## About this exercise
For this exercise, repeat exactly the lines below starting at the line holding "MoonRocks Aromablüte ~70%" and ending at the line holding "5511844 by GLOBAL", both included, with no extra lines and no pictures.
BEGIN Supplied information
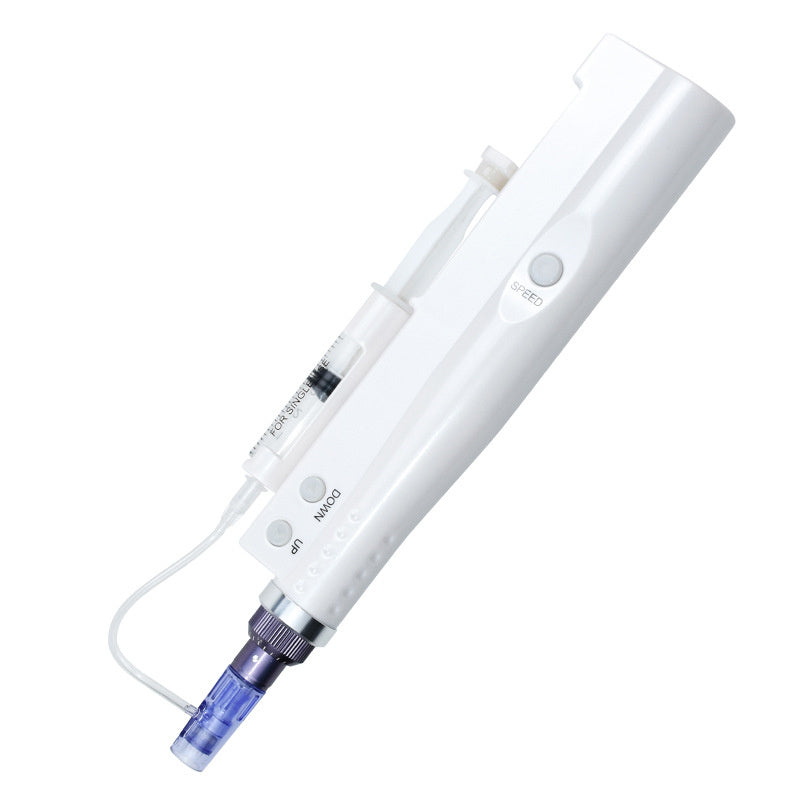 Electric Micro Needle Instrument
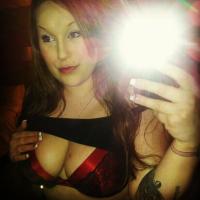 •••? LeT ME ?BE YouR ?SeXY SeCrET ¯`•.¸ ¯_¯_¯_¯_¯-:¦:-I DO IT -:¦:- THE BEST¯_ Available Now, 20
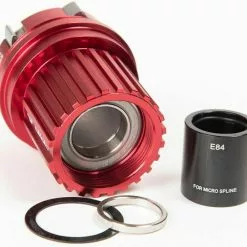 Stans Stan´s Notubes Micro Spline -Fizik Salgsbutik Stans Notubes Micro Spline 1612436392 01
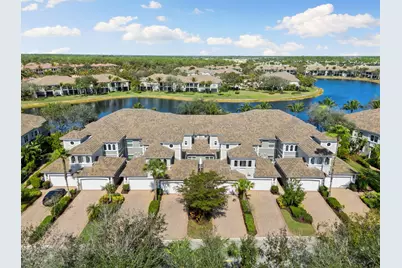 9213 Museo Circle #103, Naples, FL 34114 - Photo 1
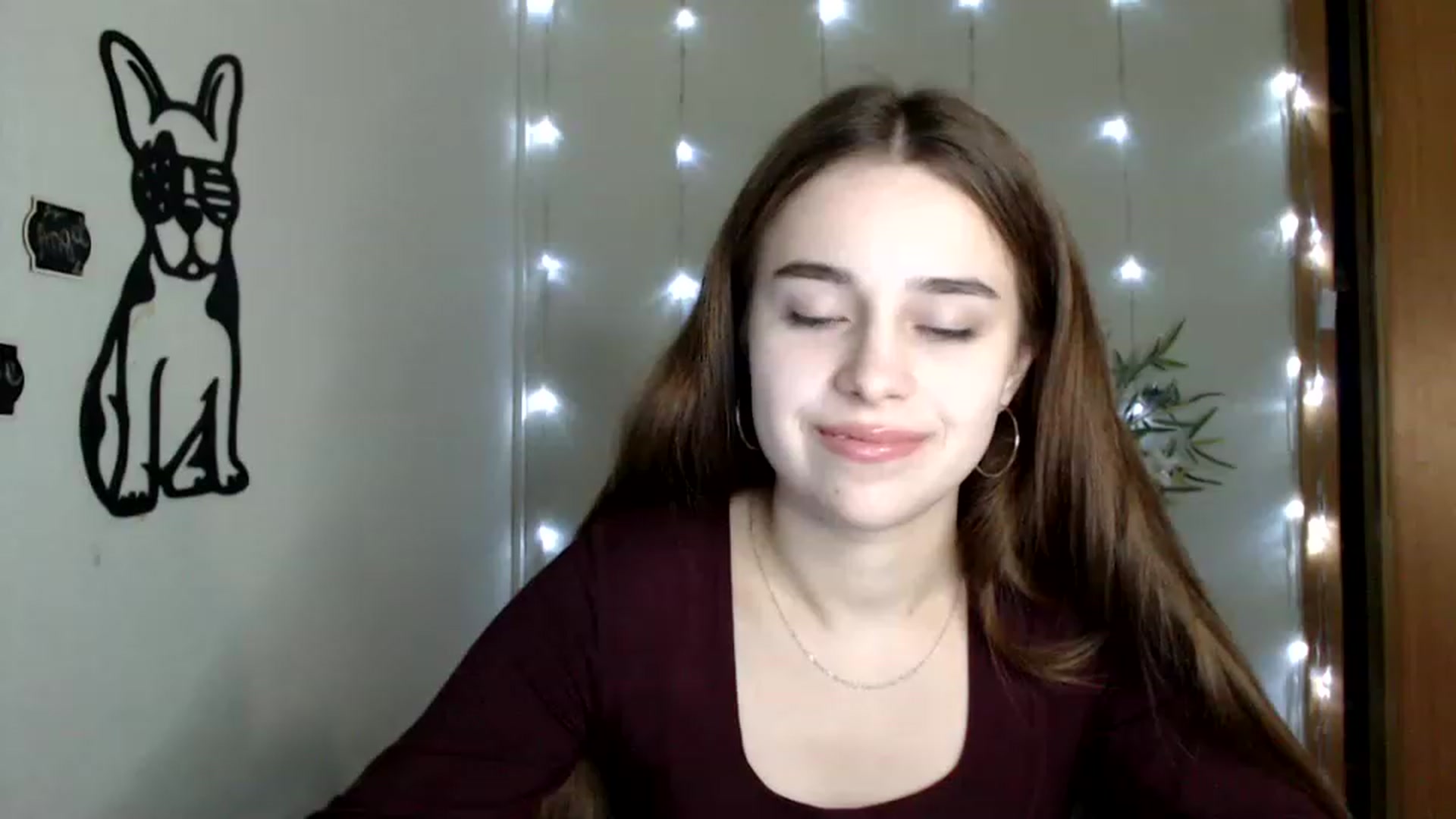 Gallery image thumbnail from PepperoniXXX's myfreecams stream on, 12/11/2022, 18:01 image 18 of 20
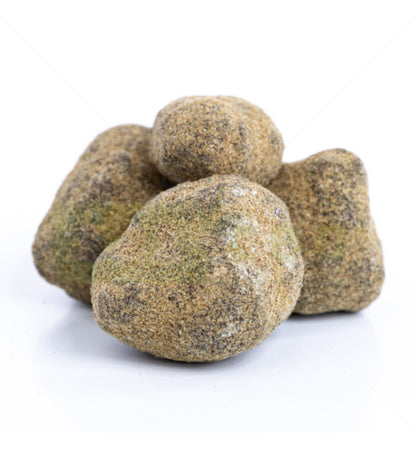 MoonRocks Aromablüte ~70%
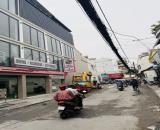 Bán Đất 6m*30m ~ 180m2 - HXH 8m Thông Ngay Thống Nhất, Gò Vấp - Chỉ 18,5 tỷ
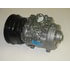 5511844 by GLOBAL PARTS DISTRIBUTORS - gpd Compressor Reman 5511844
END Supplied information
BEGIN Supplied information
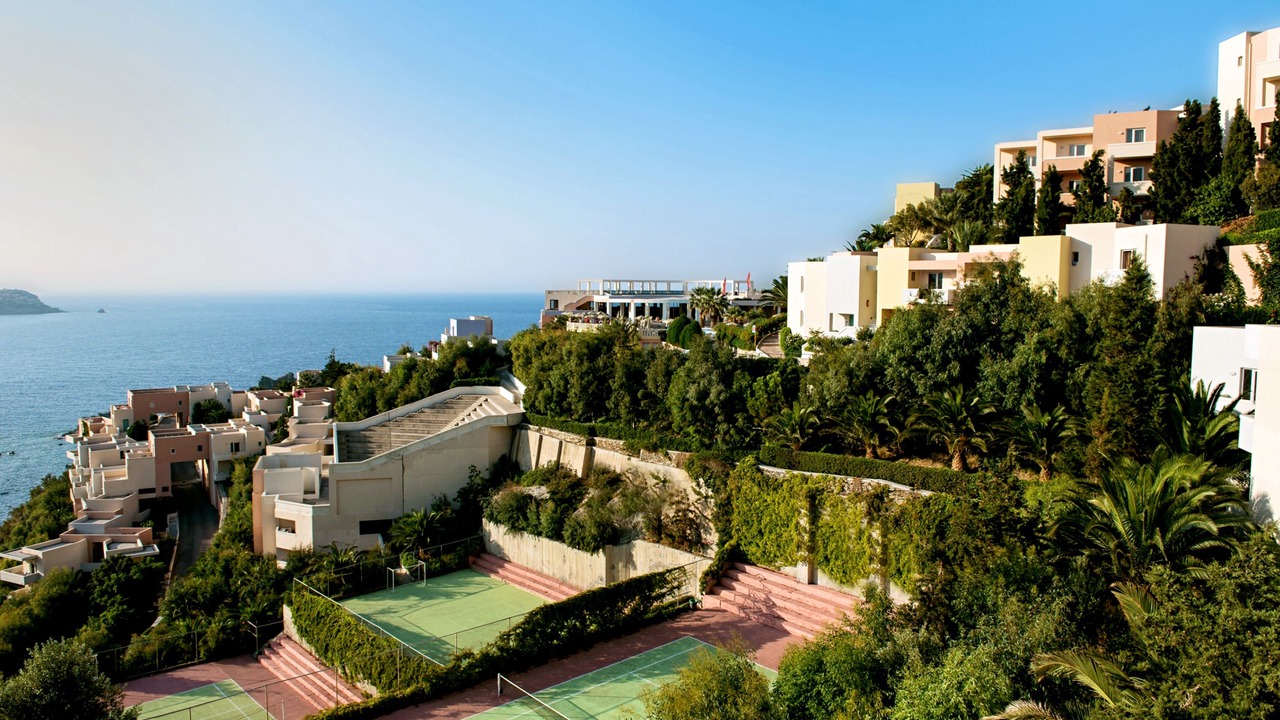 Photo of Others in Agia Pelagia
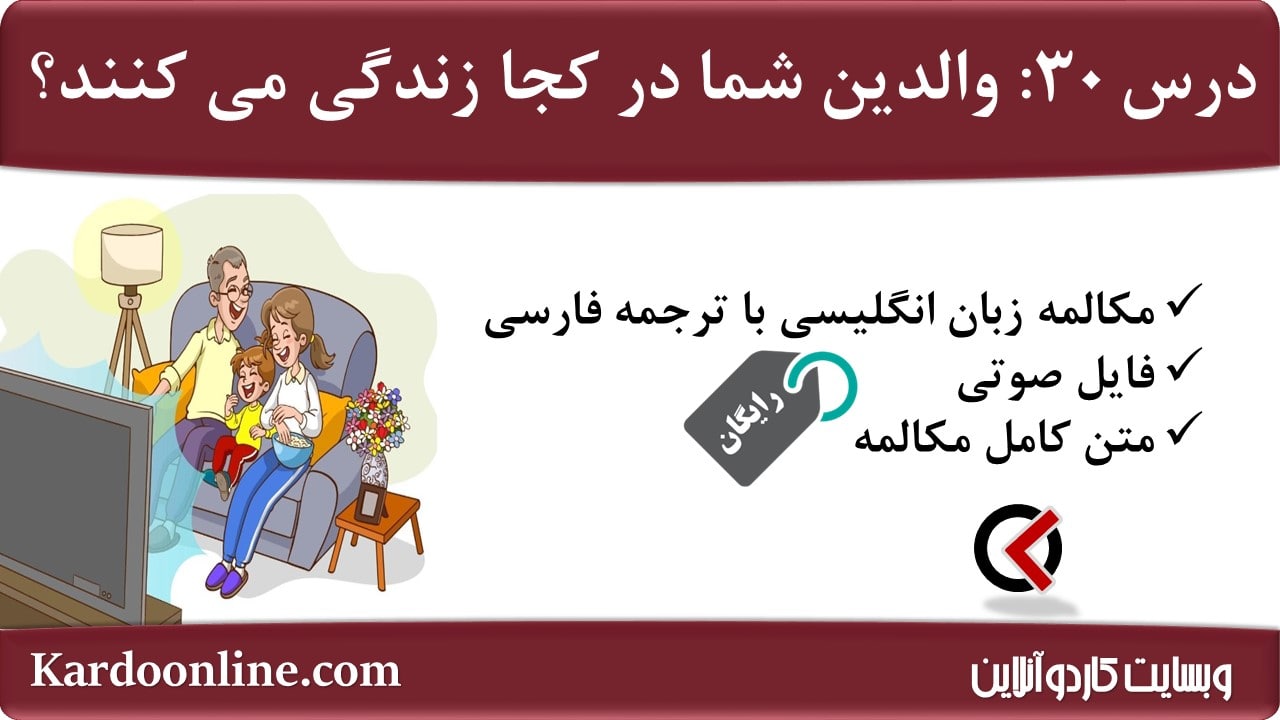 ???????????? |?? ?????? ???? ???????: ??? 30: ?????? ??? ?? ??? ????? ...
END Supplied information
## Task output
 MoonRocks Aromablüte ~70%
 Bán Đất 6m*30m ~ 180m2 - HXH 8m Thông Ngay Thống Nhất, Gò Vấp - Chỉ 18,5 tỷ
 5511844 by GLOBAL PARTS DISTRIBUTORS - gpd Compressor Reman 5511844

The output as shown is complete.